Argued October 1, 2009 - Decided

Before Judges Fisher, Sapp-Peterson and Espinosa.

On appeal from the Superior Court of New Jersey, Law Division, Middlesex County, Docket No. L-5193-03.

Adam L. Rothenberg argued the cause for appellants (Levinson Axelrod, P.A., attorneys; Mr. Rothenberg, on the brief).

Dawn Attwood argued the cause for respondent (Decotiis, Fitzpatrick, Cole & Wisler, L.L.P., attorneys; Ms. Attwood and Thomas A. Abbate, on the brief).

PER CURIAM

In this appeal, we are again asked to interpret the intentional wrong exception under the Workers Compensation Act, N.J.S.A. 34:15-1 to -128 (Act). Plaintiffs, Jerry Mann, individually and on behalf of the Estate of Michael G. LaPoint and his heirs, and Rebecca LaPoint, decedent's wife, appeal from the grant of summary judgment dismissing claims against LaPoint's employer, defendant Edison Township (Township), arising out of fatal injuries LaPoint sustained when he fell off the back of a garbage truck that then ran over him while in reverse mode. On appeal, plaintiffs contend the trial court erred in dismissing the complaint because the intentional wrong exception under the Act applied to LaPoint's claims. Additionally, plaintiffs contend the trial court improperly resolved issues of fact in reaching its decision. We affirm.
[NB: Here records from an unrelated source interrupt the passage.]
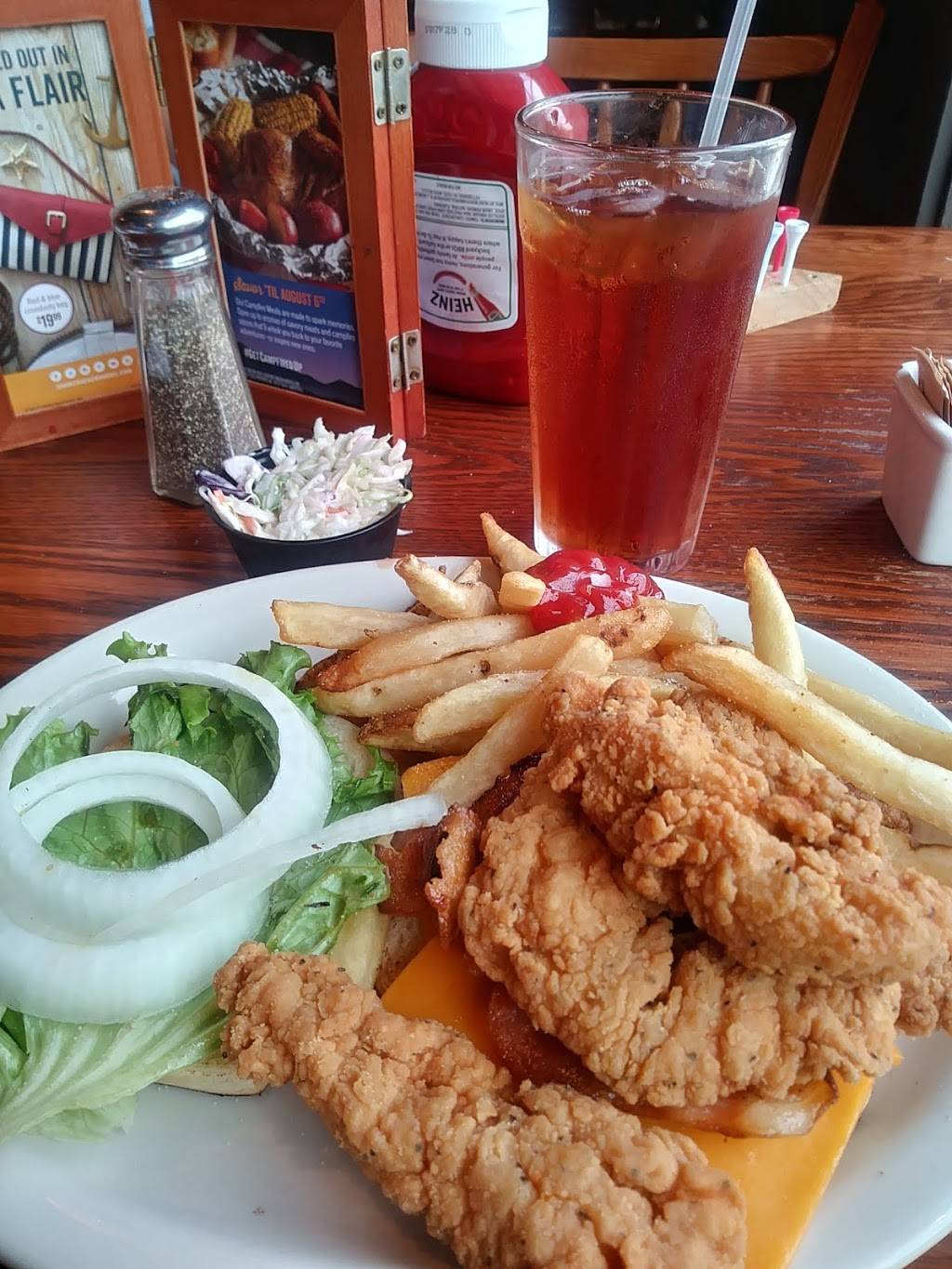 Cracker Barrel Old Country Store | restaurant | 3703 Hillsborough Rd, Durham, NC 27705, USA | 9193092888 OR +1 919-309-2888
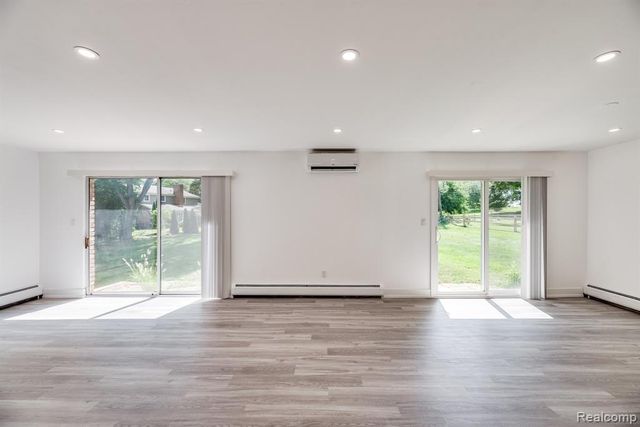 2862 Rossmoor Circle, Bloomfield Hills, MI 48302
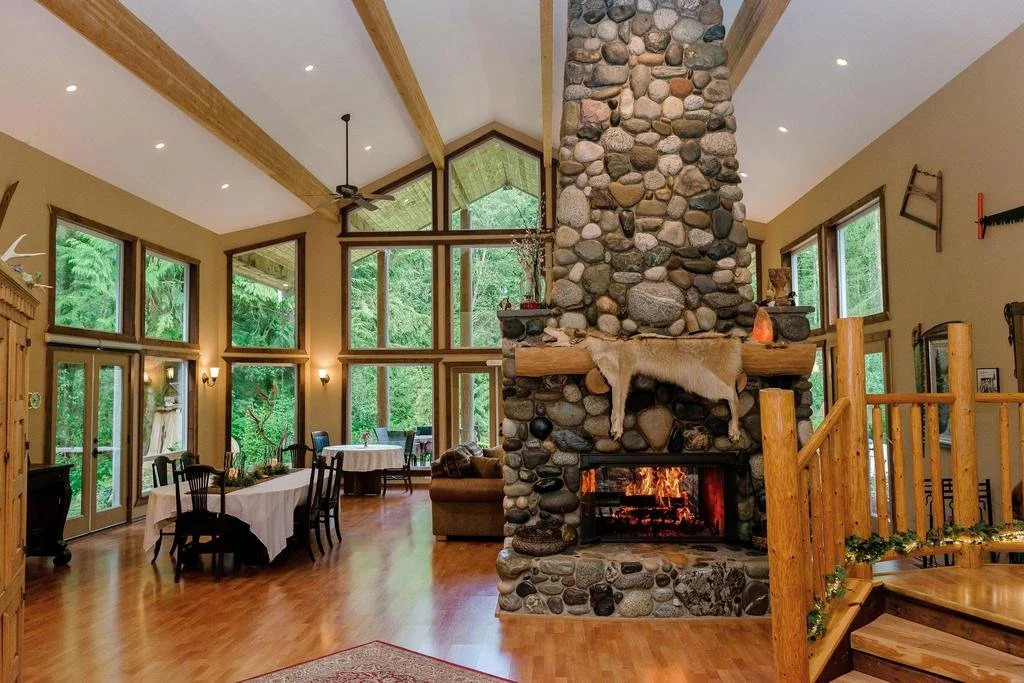 Arlingtons River Rock Inn Bed & Breakfast
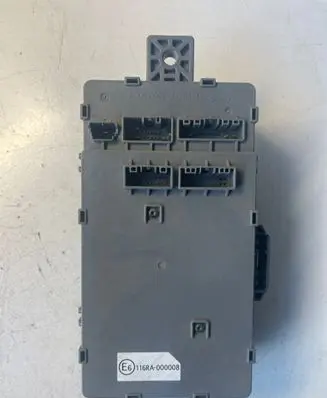 Honda Accord Fuse module 116RA000008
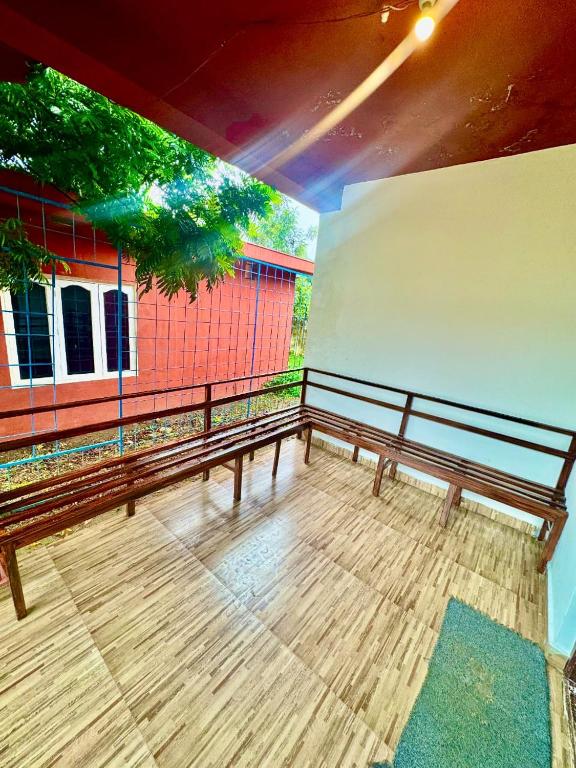 Balkón nebo terasa v ubytování Coorg Nest Cottages By Dreamy Vacations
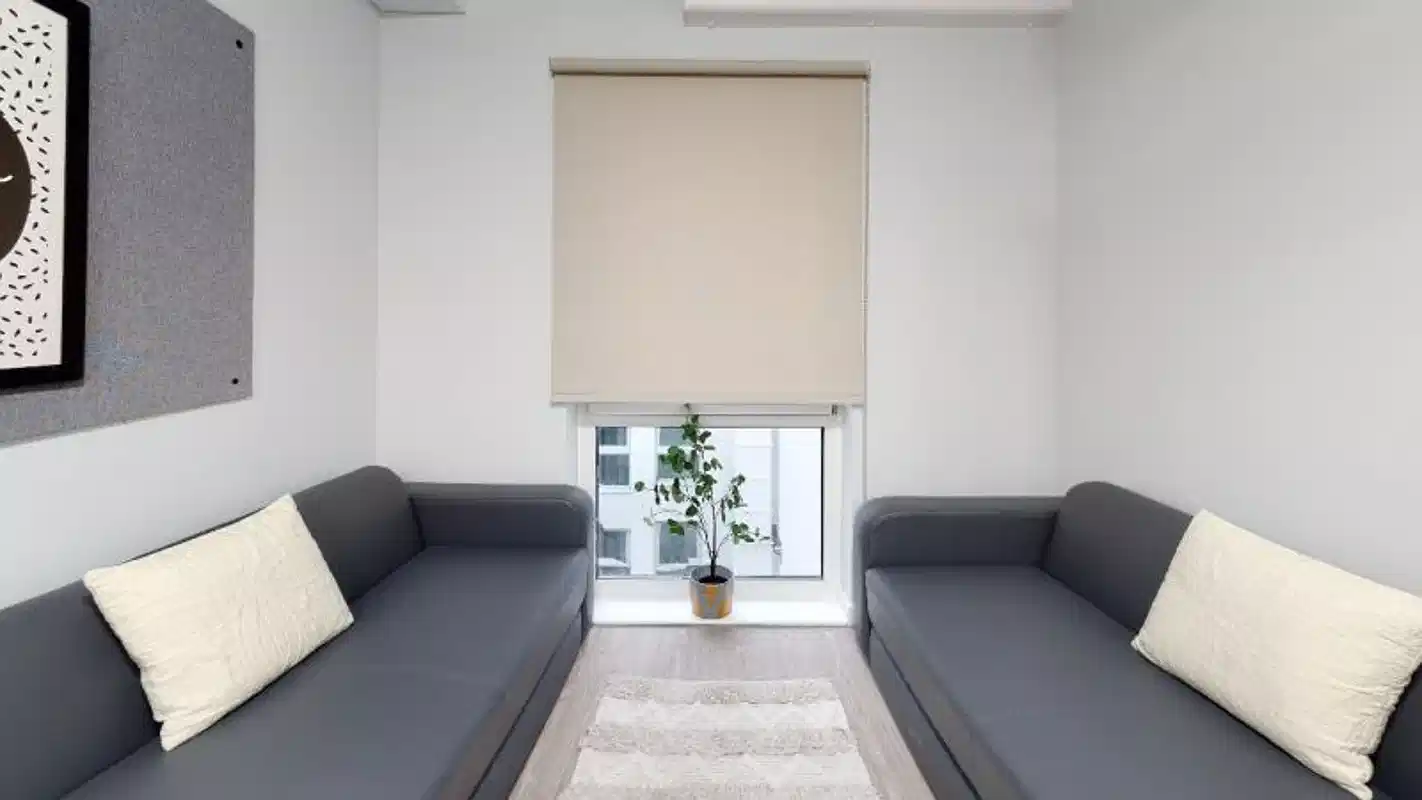 Common Area?w=400&h=260&fit=crop&q=40&auto=format&trim=auto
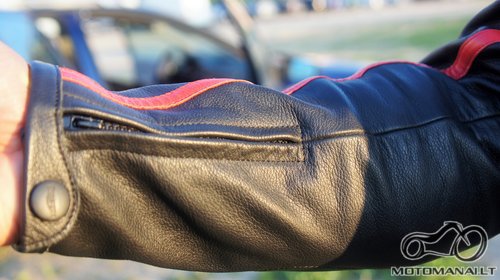 Triumph odine moto striuke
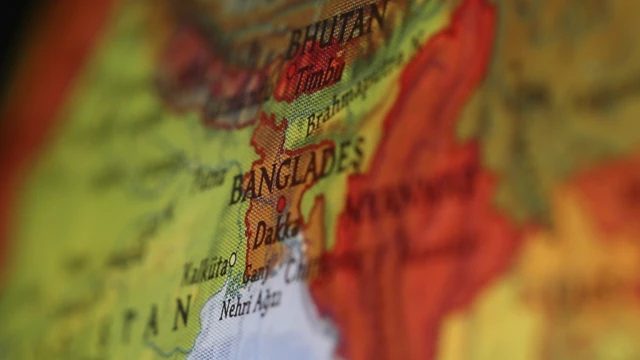 Bangladeş, çalışma saatlerini azalttı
The facts viewed most favorably to plaintiffs disclose that on April 15, 2002, LaPoint, who had been an employee of the Township for at least fifteen years, was part of a three-person crew manning a Township sanitation truck. LaPoint worked as a garbage picker, collecting and depositing refuse into the rear hopper of the truck.

The truck on which LaPoint was working at the time of his fatal accident was a Formula 5000 (F5000) manufactured by Heil Packer (Heil). The truck was delivered to the Township in 1993. The bid specifications for the truck included a requirement that steps installed on the tailgate "must conform to ANSI standards." As delivered, the truck was equipped with steps mounted to the side of the truck that were made out of Grip Strut, a self-cleaning and slip-resistant material. The rear sides of the truck also bore warning decals stating: "CAUTION: Do not use riding step when vehicle is exceeding 10 MPH, operating in reverse or traveling in excess of 2/10 miles."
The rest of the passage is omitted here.